Sorry, Concord. Banning sales is the last thing we should be doing.
To many, bottled water is a modern evil, a wasteful and environmentally destructive consumer scam. I say it’s a brilliant triumph for public health.
In this, I part company with the good folks of Concord, that shot-heard-round-the-world town now seemingly determined to seize the mantle of looniness from Cambridge. Someday soon, if the town has its way, a thirsty bicyclist will pull up outside the Cumberland Farms on Thoreau Street, walk inside looking for a bottle of water, and find none. That’s because Concord wants to make bottled water illegal. (The attorney general this summer rejected a ban Concord passed in April, but supporters vow they’ll try again.) No doubt there will be plenty of sodas, sports drinks, and teas to choose from, but of water – just water – there will be none.And so our biker, still seeking hydration of some sort, will be stuck with something flavored and often sweet.
A few weeks ago, my daughter and a group of friends gathered to bid goodbye to summer. We were to provide drinks. “Cola? Root beer?” I asked my daughter. “Water would be fine.” That can’t be right, I thought. “Orange soda?” I proposed. “Iced tea or Gatorade?” “Just water,” she said. “We like water.”
Maybe it’s a generational thing, but many kids and young adults these days seem to prefer bottled water. Well, we’re going to show them. We’re going to ban it.
From one angle, I can understand the combination of disbelief and outrage that has greeted the bottled-water phenomenon. How dare a company take something that is essentially free, pour it into a plastic bottle, and try to sell it for the same price as a Coke? And what kind of fools would then actually believe this swindle and pay good money for it?
But from a different viewpoint, how is it that pure, clean, noncaloric water should be banned, but if you take the same stuff, carbonate it, and then add lots of sugar, artificial coloring, and some flavor, it’s OK? The residents of Concord aren’t rising up against any other beverage except water (even though water containers, usually lighter than the stronger containers needed for carbonated beverages, consume less plastic and are cheaper to ship).
“Fat America” is the public health crisis of the moment, and for good reason. Almost 27 percent of Americans are obese, an all-time high. And directly connected to that is the soaring incidence of diabetes. According to the US Centers for Disease Control and Prevention, the number of new cases tripled from 1980 to 2008, from less than 500,000 to more than 1.6 million, resulting in enormous economic costs, higher mortality rates, and greatly reduced quality of life. And a principal cause of all this, according to many recent studies, is our unrelenting consumption of sugared beverages.
I realize that Poland Spring and Evian aren’t in the business of public health. They just want to make a buck, and they’ve done so brilliantly. But if, let’s say, someone named Dr. Dasani had concocted a scheme to use clever packaging and well-made advertisements to wean our youth off sugared drinks and onto water, we’d be extolling his contribution to the nation.
I know, it still bothers you. It’s just water after all. The stuff found in those bottles is roughly the same as what comes from our kitchen faucets. Why not buy a reusable plastic or aluminum bottle, fill it, and take it with you? Or why not just use water bubblers?

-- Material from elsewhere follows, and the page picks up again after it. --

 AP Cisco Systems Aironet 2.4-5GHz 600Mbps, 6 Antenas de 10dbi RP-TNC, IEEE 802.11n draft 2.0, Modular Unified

Because it won’t happen. Yes, there are a handful who will truck their own reusable containers, but not a lot. As for those water fountains: If you can find them, they’re likely broken. Even if not, they generally deliver a tepid drink from a spigot flecked with the drool of previous users. No, thanks.
Sure, we should all recycle no matter what we’re drinking. But when people grab an Aquafina from the shelves instead of a Mountain Dew, that’s one less sugary drink they’ll be consuming. Instead of decrying those clever purveyors of water as modern-day charlatans, let’s urge them onward. If marketers could persuade everyone to make bottled water their beverage of choice, we’d all be better off.